Starting at the line with "Drone Video Sprint", repeat every line exactly until the records end, including the last one.

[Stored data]
★ ★ ★ ★
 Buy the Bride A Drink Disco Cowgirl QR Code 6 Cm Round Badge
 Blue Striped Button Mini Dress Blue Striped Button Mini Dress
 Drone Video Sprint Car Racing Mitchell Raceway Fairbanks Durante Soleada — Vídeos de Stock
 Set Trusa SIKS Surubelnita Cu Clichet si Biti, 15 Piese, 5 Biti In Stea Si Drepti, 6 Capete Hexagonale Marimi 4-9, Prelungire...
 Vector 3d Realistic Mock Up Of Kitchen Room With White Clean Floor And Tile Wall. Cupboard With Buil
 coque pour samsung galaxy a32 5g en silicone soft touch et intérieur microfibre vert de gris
★ ★ ★ ★
▶ **Result**:
 Drone Video Sprint Car Racing Mitchell Raceway Fairbanks Durante Soleada — Vídeos de Stock
 Set Trusa SIKS Surubelnita Cu Clichet si Biti, 15 Piese, 5 Biti In Stea Si Drepti, 6 Capete Hexagonale Marimi 4-9, Prelungire...
 Vector 3d Realistic Mock Up Of Kitchen Room With White Clean Floor And Tile Wall. Cupboard With Buil
 coque pour samsung galaxy a32 5g en silicone soft touch et intérieur microfibre vert de gris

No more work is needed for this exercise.